▸ **Assignment**:
The required answer is the data below, restated word for word with images omitted.
━━━━━ Material supplied ━━━━━
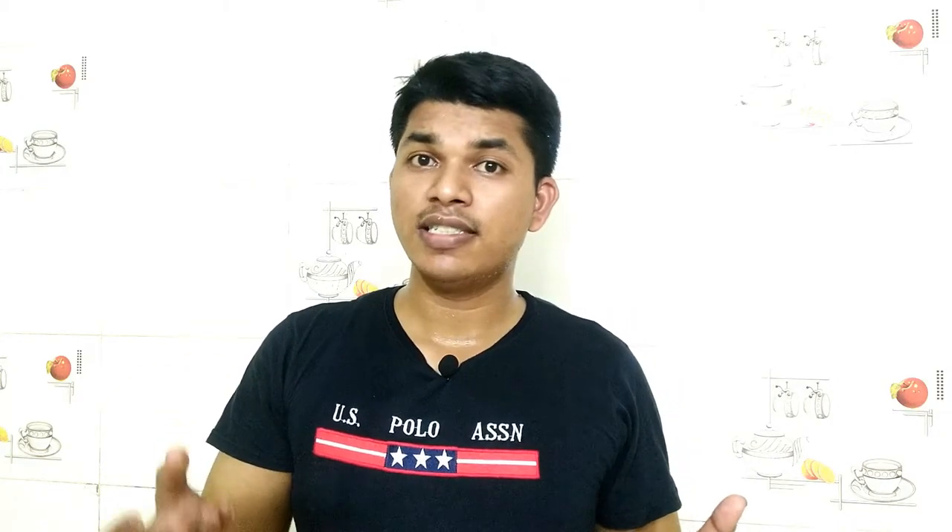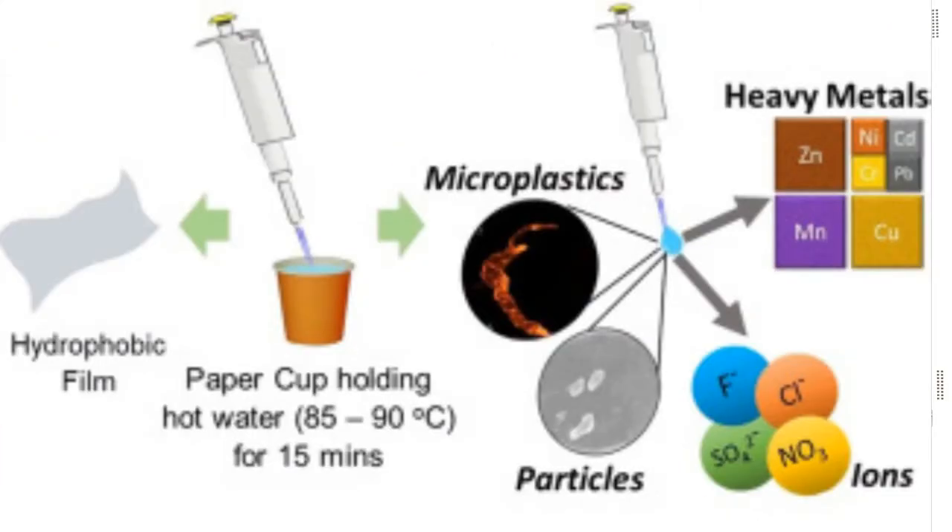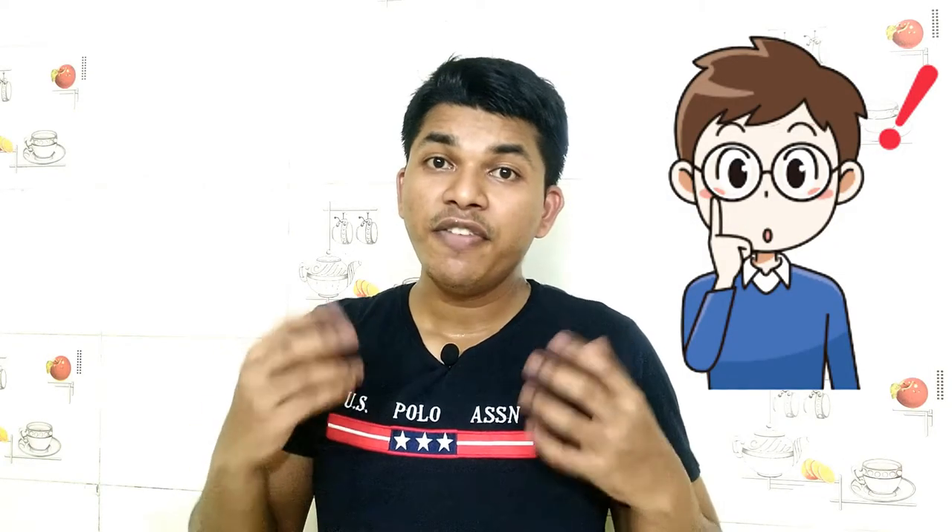So there may be a chance of microplastics mixing with the coffee or tea. A recent research from IIT Kharagpur has confirmed the mixing of microplastics in tea or coffee, by conducting an experiment of taking water heated to 85 degrees Celsius and pouring it into a paper cup.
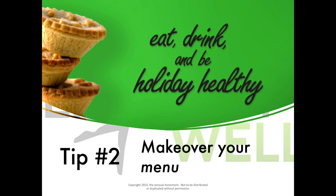Tip number two: celebrate your holiday healthy with a makeover of your menu. A couple ways to do that. First, make it from scratch, especially those indulgent things you like. That apple pie — make it from scratch and it will have less sugar, less additives, and it will be less processed.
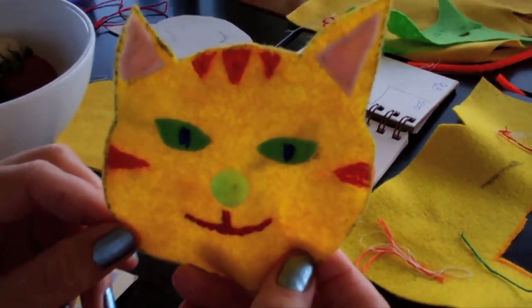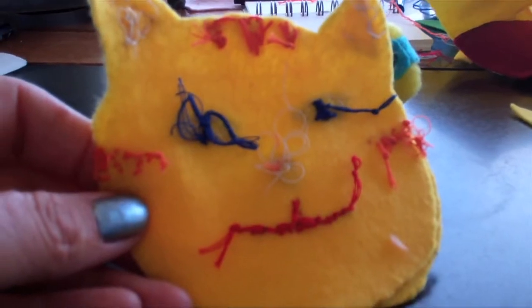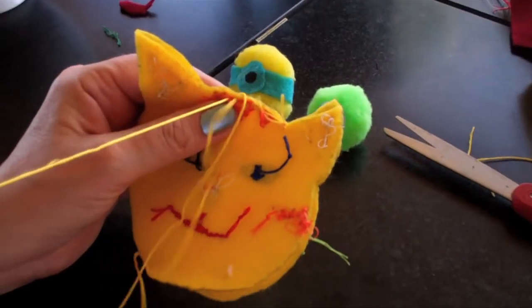This is the front of the cat. Next we have to sew on the back and stuff it. Now turn your carrot inside out. Sew it together.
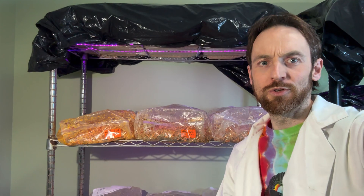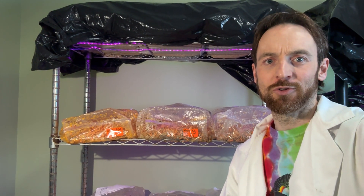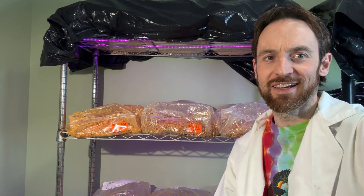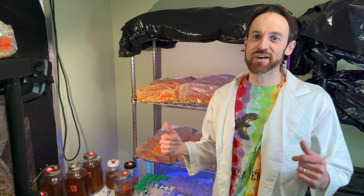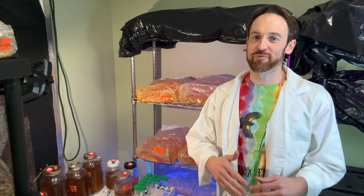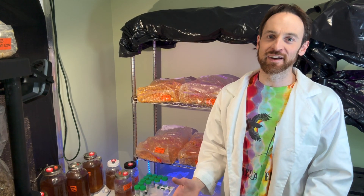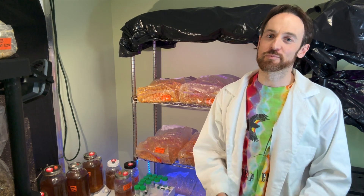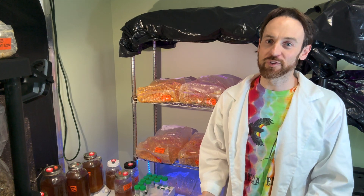We also used oats last year and did not have very good yields, but it was at the end of the season when it was just starting to get a little hot, so we should probably try again. In summary, rice far exceeds the other media in our experiments, but mixing rice with other small grains like sorghum or millet is also producing quite well.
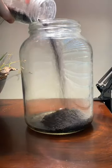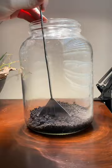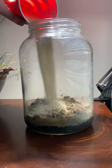In this video I'm going to show you how I made this nano jar aquarium. I started out by adding a layer of aqua soil to the bottom of the jar. After I added the aqua soil I added some sand as a cap.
━━━━━
▸ **Result**:
So there may be a chance of microplastics mixing with the coffee or tea. A recent research from IIT Kharagpur has confirmed the mixing of microplastics in tea or coffee, by conducting an experiment of taking water heated to 85 degrees Celsius and pouring it into a paper cup.
Tip number two: celebrate your holiday healthy with a makeover of your menu. A couple ways to do that. First, make it from scratch, especially those indulgent things you like. That apple pie — make it from scratch and it will have less sugar, less additives, and it will be less processed.
This is the front of the cat. Next we have to sew on the back and stuff it. Now turn your carrot inside out. Sew it together.
We also used oats last year and did not have very good yields, but it was at the end of the season when it was just starting to get a little hot, so we should probably try again. In summary, rice far exceeds the other media in our experiments, but mixing rice with other small grains like sorghum or millet is also producing quite well.
In this video I'm going to show you how I made this nano jar aquarium. I started out by adding a layer of aqua soil to the bottom of the jar. After I added the aqua soil I added some sand as a cap.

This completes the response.